La crisi negli Usa costringe tante donne a rimandare la maternità e il tasso di natalità crolla

Giovedì 21 Maggio 2020 di Franca Giansoldati

L'andamento demografico non promette nulla di buono. Negli Stati Uniti il tasso di natalita' e' sceso ai minimi degli ultimi 35 anni nel 2019 e, in prospettiva, non si prevede un'inversione di tendenza con l'epidemia da coronavirus. I bimbi venuti alla luce lo scorso anno negli Usa sono stati 3,75 milioni, il livello piu' basso dal 1985, stanto ai dati forniti dal National Center for Health Statistics. Il trend risulta in discesa dalla crisi economica globale del 2007-2009 e si e' accentuato con i millennials, la generazione nata a cavallo del Duemila.
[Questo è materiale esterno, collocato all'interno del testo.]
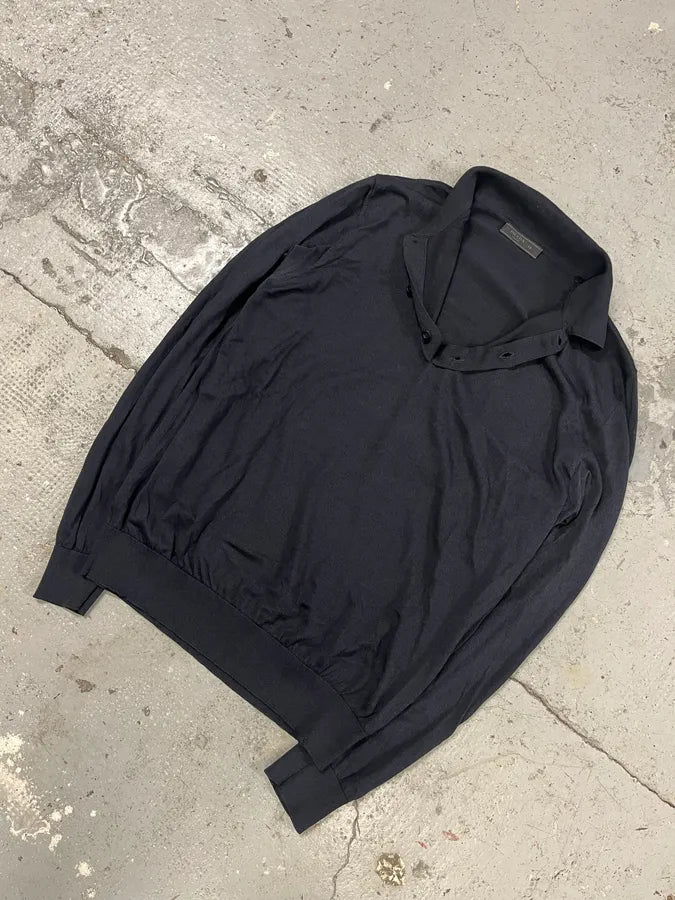 2024 Prada Silk Navy Longsleeves Polo (M) eDadUPt 4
Ora con oltre 30 milioni di posti di lavoro andati in fumo negli States a causa del coronavirus, soprattutto ai danni di donne lavoratrici, il tasso di natalità' potrebbe continuare a dimostrarsi negativo. Il calo delle nascite riguarda praticamente tutte le donne sotto i 35 anni.

Sale leggermente tra le quarantenni mentre tra le giovanissime, di eta' compresa tra 15 e 19 anni, e' in diminuzione del 5%. I demografi americani sottolineano che la curva rischia di contrarsi ancora se nel Paese ci saranno incertezze economiche, scarse prospettive per i giovani di trovare un lavoro stabile o di avere garanzie sul fronte dell'educazione o della sanità. In genere la contrazione rischia di allargarsi ancora per effetto delle difficoltà economiche in tempi di crisi, come ha dimostrato anche il periodo collegato alla Grande Depressione degli anni Trenta.